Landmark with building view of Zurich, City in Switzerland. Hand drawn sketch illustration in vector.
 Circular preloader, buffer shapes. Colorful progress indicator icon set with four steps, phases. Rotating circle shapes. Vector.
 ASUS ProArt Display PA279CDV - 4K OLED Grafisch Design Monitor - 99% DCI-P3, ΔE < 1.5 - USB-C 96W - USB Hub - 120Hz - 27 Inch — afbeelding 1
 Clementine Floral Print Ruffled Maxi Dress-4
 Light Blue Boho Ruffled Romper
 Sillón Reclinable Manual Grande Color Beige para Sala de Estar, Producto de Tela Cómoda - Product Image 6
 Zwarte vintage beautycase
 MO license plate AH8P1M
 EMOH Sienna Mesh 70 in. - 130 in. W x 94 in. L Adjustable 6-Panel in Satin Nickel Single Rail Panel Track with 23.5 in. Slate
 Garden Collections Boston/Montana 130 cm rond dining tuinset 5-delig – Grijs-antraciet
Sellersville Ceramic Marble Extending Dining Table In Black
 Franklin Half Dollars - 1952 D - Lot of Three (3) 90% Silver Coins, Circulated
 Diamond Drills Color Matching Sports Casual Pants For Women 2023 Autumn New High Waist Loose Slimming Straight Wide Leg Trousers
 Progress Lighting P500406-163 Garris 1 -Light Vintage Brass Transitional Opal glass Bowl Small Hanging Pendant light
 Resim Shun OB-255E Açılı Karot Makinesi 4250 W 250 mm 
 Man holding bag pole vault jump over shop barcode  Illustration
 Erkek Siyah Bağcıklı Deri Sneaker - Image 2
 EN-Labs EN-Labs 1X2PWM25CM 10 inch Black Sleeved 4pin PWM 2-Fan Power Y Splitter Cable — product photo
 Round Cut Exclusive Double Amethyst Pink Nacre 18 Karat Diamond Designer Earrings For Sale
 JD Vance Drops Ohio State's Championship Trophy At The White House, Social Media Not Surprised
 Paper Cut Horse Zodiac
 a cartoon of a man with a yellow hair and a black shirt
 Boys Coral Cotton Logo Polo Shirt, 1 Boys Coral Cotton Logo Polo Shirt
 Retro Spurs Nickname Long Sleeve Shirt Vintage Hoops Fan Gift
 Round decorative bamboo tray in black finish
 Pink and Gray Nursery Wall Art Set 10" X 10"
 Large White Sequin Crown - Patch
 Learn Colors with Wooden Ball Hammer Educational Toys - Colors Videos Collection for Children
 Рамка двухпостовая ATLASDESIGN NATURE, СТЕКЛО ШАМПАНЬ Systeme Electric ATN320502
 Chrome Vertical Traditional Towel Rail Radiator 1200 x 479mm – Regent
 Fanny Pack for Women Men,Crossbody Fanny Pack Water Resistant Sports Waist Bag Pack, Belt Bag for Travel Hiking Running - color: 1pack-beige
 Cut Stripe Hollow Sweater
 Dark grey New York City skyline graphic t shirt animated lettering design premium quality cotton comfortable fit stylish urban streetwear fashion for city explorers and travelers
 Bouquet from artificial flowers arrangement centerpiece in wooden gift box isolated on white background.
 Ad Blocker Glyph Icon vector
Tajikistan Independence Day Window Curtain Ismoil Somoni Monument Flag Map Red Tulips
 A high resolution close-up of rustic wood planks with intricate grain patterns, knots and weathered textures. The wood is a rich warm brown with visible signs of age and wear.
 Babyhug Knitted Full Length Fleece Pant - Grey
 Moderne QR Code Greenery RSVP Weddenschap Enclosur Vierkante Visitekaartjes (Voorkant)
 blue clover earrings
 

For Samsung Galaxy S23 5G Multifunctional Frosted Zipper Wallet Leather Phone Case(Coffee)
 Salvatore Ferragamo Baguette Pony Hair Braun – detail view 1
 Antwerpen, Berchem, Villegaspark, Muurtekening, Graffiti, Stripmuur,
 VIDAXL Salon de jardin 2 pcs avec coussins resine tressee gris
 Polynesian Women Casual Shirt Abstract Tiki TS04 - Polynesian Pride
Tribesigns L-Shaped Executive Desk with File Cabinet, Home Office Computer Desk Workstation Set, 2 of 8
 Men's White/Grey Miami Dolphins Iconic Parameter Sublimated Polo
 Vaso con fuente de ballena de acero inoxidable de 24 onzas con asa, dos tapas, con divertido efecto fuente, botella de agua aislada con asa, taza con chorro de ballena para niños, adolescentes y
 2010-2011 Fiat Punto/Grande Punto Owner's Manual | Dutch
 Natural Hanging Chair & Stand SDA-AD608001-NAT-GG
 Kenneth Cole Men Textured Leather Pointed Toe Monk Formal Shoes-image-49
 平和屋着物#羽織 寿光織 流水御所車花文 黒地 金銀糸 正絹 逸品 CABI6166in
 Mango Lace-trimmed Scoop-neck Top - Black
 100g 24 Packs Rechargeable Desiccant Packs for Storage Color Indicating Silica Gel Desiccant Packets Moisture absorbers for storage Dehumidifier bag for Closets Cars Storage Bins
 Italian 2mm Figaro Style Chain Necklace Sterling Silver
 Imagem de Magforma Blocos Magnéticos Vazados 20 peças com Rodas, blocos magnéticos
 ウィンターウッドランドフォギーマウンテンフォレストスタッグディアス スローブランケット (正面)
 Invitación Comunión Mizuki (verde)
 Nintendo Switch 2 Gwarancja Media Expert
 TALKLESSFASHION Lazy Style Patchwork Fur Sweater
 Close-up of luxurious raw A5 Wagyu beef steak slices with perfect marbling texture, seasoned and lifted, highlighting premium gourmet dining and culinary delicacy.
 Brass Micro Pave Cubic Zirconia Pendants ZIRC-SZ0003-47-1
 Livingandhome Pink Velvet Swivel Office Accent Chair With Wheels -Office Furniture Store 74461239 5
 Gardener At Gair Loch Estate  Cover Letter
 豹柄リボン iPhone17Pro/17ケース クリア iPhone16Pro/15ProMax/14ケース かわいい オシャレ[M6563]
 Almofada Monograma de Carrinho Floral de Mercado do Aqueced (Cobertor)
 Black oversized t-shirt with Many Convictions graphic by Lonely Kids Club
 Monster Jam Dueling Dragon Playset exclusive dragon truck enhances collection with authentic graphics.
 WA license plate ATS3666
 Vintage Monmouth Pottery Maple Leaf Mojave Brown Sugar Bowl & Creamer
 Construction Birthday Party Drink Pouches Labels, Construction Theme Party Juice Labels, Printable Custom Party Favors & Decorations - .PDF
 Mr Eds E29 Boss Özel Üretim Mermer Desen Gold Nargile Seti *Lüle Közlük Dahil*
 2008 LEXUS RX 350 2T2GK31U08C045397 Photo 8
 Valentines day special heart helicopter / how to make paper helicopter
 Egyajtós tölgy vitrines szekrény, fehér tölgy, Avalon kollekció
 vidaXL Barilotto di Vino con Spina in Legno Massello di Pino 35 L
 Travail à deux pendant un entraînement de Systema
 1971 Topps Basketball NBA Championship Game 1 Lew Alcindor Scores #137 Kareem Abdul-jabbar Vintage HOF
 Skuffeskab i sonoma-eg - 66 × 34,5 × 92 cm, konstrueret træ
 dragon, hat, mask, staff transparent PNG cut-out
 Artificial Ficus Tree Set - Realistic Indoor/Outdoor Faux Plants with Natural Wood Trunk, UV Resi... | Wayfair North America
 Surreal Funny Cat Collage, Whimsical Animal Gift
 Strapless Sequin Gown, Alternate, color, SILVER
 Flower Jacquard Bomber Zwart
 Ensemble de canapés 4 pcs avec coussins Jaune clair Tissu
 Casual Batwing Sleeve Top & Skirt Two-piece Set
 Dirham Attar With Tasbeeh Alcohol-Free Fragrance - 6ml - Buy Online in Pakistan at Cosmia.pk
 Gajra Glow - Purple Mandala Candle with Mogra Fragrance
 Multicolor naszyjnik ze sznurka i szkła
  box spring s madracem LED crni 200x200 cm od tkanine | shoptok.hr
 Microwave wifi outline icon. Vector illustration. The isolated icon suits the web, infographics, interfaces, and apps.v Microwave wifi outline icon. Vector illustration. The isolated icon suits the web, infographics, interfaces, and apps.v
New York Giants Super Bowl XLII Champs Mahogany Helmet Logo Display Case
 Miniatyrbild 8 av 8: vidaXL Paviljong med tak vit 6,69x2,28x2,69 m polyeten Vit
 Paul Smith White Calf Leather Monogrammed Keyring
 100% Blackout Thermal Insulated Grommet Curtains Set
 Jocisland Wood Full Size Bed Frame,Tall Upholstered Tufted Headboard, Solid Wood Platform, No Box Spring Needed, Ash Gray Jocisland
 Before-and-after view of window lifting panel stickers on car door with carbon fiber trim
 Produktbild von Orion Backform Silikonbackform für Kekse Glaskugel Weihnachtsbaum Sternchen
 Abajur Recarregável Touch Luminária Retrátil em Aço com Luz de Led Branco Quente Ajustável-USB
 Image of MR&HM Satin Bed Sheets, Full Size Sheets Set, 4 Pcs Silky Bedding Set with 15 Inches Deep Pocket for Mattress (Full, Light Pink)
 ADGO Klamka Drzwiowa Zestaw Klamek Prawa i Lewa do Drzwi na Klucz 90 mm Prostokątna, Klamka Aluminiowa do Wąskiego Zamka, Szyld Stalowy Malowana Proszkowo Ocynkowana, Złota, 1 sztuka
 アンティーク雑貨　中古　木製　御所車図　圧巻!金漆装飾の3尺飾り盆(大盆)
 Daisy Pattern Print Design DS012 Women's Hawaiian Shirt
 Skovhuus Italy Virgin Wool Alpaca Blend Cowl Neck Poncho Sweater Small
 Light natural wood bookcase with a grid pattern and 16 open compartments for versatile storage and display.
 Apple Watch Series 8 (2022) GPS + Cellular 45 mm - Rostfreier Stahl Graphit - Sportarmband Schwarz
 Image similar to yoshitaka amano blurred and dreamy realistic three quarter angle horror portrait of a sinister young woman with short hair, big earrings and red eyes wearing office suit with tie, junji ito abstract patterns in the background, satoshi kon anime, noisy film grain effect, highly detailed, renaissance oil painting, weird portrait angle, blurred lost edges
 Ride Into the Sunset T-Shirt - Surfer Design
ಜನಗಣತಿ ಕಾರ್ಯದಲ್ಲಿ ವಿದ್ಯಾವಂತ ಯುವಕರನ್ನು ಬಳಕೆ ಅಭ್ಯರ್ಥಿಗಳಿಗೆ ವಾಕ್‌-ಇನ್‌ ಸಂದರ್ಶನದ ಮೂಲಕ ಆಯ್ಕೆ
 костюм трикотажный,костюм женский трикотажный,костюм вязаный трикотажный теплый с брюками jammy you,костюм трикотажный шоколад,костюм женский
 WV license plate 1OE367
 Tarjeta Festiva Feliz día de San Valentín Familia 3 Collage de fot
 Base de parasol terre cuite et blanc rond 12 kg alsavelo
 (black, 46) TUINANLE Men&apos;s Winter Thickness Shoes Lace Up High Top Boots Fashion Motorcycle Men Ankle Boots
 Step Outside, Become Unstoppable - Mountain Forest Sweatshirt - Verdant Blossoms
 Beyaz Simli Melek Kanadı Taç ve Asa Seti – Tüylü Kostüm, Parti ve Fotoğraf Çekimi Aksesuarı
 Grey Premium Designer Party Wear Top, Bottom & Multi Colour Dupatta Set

========

» PROMPT: Please copy the lines above from the line with "Miniatyrbild 8 av" up to and including the line with "Before-and-after view of", exactly as written and with nothing else.

» WRITTEN SOLUTION:
 Miniatyrbild 8 av 8: vidaXL Paviljong med tak vit 6,69x2,28x2,69 m polyeten Vit
 Paul Smith White Calf Leather Monogrammed Keyring
 100% Blackout Thermal Insulated Grommet Curtains Set
 Jocisland Wood Full Size Bed Frame,Tall Upholstered Tufted Headboard, Solid Wood Platform, No Box Spring Needed, Ash Gray Jocisland
 Before-and-after view of window lifting panel stickers on car door with carbon fiber trim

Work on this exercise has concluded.